Debutto internazionale per Dairytech

dairytechSi sono appena chiusi i battenti di Ipack-Ima, evento articolato nell’edizione 2015 in 6 manifestazioni in contemporanea. Fra esse vi è stata Dairytech, esposizione per il processing e il packaging dell’industria lattiero-casearia al suo debutto. 60 gli espositori che hanno aderito e concentrati per facilitare la visita anche da parte di player internazionali del settore lattiero-caseario convenuti tramite specifiche missioni da Argentina, Pakistan, Brasile, Algeria, Russia e Stati Uniti. Durante l’evento vi è stato anche un convegno “Latte per il pianeta: 2015-2025” a cui sono intervenuti come speaker la FAO e Christophe Lafougère, AD di Gira. In base alla previsioni della FAO, nei prossimi 10-15 anni la produzione mondiale dovrebbe crescere annualmente del 3-3,5% e il mercato dovrebbe passare dai 780 milioni di tonnellate a fine 2015 a oltre il miliardo a fine 2025. Forti tuttavia gli squilibri fra Paesi sviluppati e quelli emergenti, in deficit sia di latte sia di derivati. Christophe Lafougère ha invece presentato il quadro del mercato mondiale, soffermandosi sulle diverse aree per analizzarne lo storico e le prospettive. A iniziare dalla Cina, mercato sempre sotto i riflettori, che predilige sempre più prodotti a maggior valore aggiunto, come formaggi, burro e soprattutto infant formula: Gira stima una crescita media annua del comparto baby food del 12%.
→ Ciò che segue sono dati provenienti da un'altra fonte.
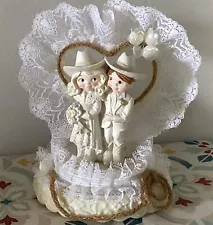 VTG Wilton 1985 Cowboy Bride & Groom Cake Or Table Topper Decor 201-1814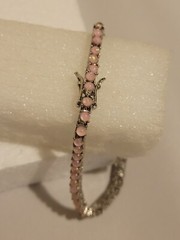 Tennis Style Lab Created Pink Opal Silvertone Bracelet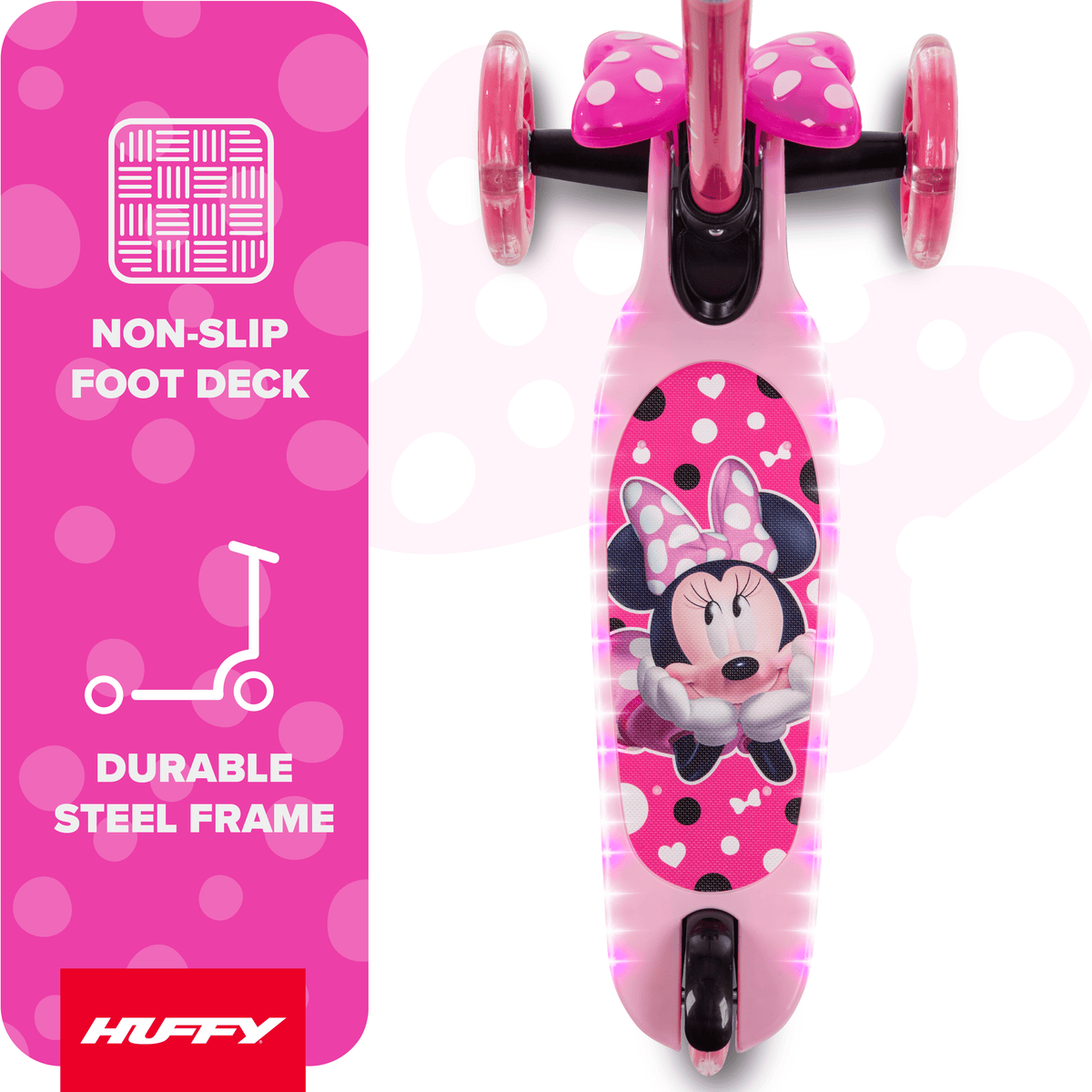 Huffy Disney Minnie Mouse Light-Up Toddler Scooter, Ages 3+, Pink, Girls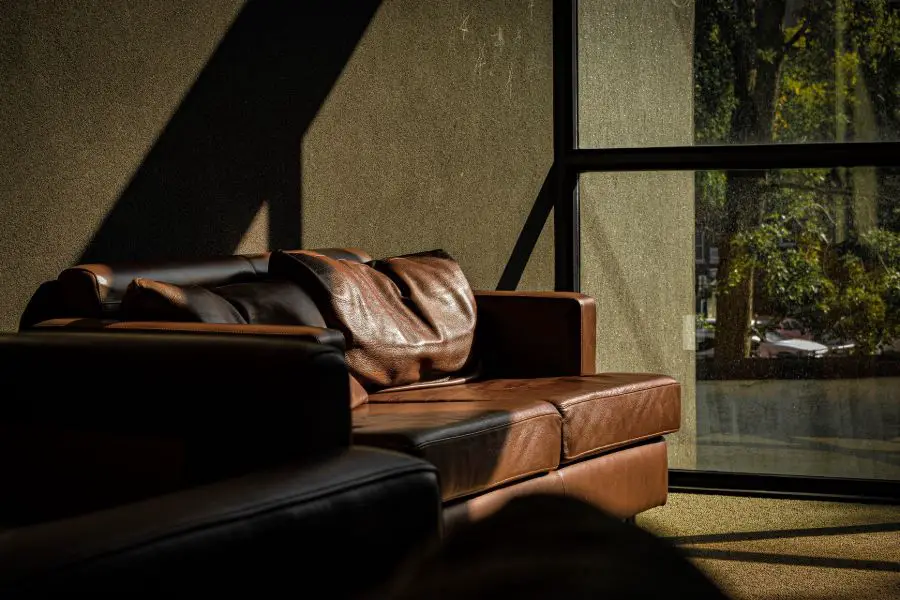 Brown Man Wah leather sofa near window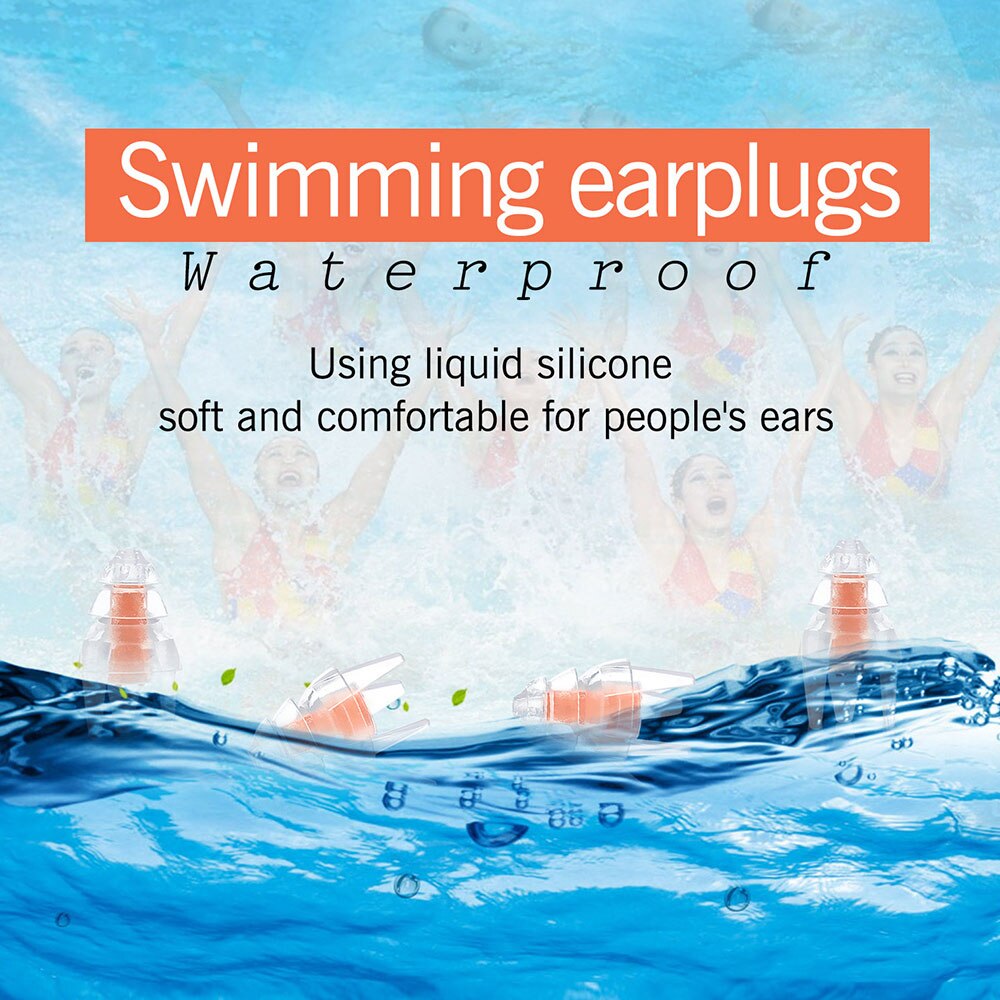 PUAroom Waterproof and Soundproof Ear plugs for Ear Noise Cancelling Swimming Bath Sleeping Reliable Fixation For Daily Use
Luci e ombre, secondo Gira, per l’Italia. Da un lato, il nostro Paese può vantare 2.000 aziende di trasformazione e confezionamento di latte e derivati, oltre 1 milione di tonnellate di formaggi prodotti, di cui 484.000 sono a DOP e, infine, esportazioni per 340.000 tonnellate e 2,2 miliardi di euro a valore. Dal 1990 a oggi le esportazioni a volume hanno registrato + 2.700% per freschi compresa mozzarella, +500% per Grana Padano e Parmigiano Reggiano, +220% per Provolone e +170% per Gorgonzola. Dall’altro, la polverizzazione e la struttura frammentata del comparto produttivo italiano rendono necessari profondi interventi strutturali (forme di collaborazione tra le aziende; nuove strutture commerciali; potenziamento dei prodotti DOP) e tecnologico-impiantistici non più procrastinabili per avere successo a livello globale.